**PROBLEM TO SOLVE**
Could you retype the lines below, starting at the line holding "CLANE(クラネ)の「CLANE/クラネ/CRINKLED NYLON ZIP" and stopping at the line holding "gedraaide-ketting-met-bolletjes", inclusive? Copy them exactly and drop the images.

**DATA FOR REVIEW**
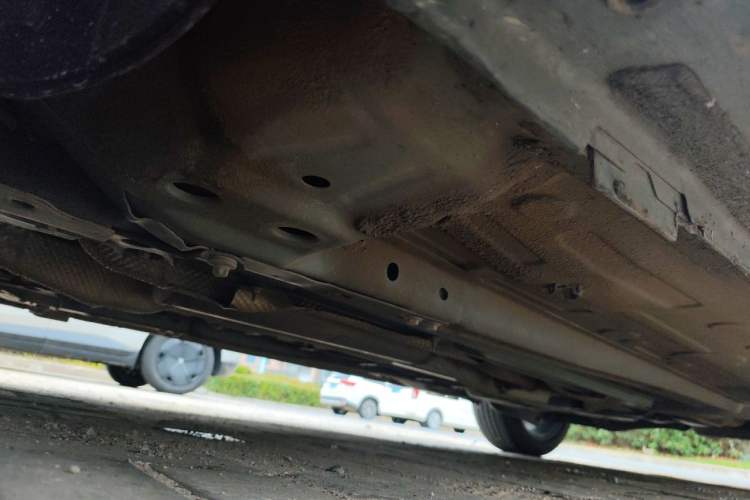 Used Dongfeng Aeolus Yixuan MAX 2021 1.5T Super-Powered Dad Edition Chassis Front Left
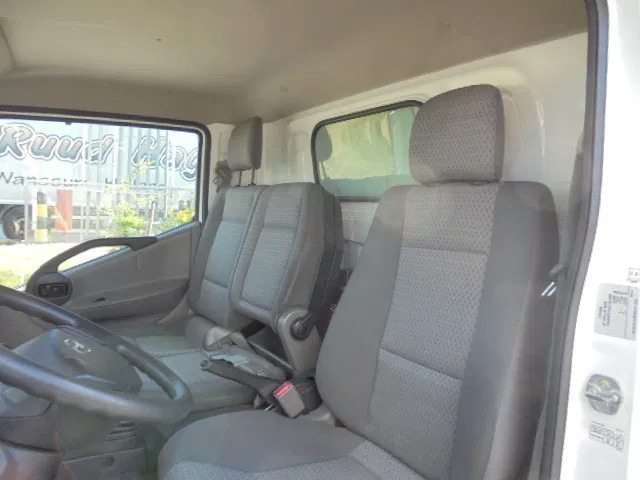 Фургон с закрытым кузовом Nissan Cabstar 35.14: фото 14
--
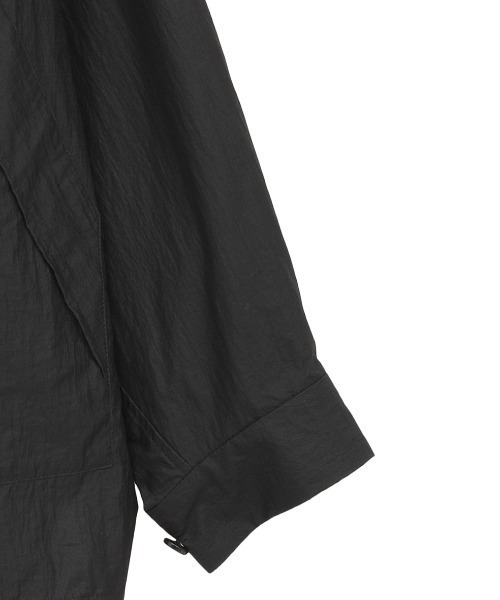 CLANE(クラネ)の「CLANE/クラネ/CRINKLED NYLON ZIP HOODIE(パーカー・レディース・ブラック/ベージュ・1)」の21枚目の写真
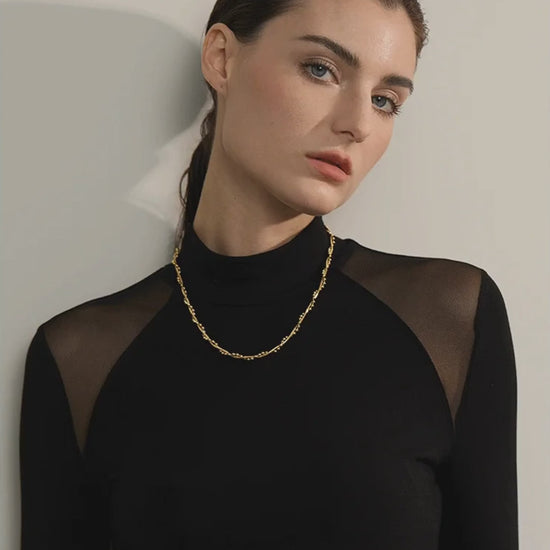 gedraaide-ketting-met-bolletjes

**EXERCISE OUTPUT**
 CLANE(クラネ)の「CLANE/クラネ/CRINKLED NYLON ZIP HOODIE(パーカー・レディース・ブラック/ベージュ・1)」の21枚目の写真
 gedraaide-ketting-met-bolletjes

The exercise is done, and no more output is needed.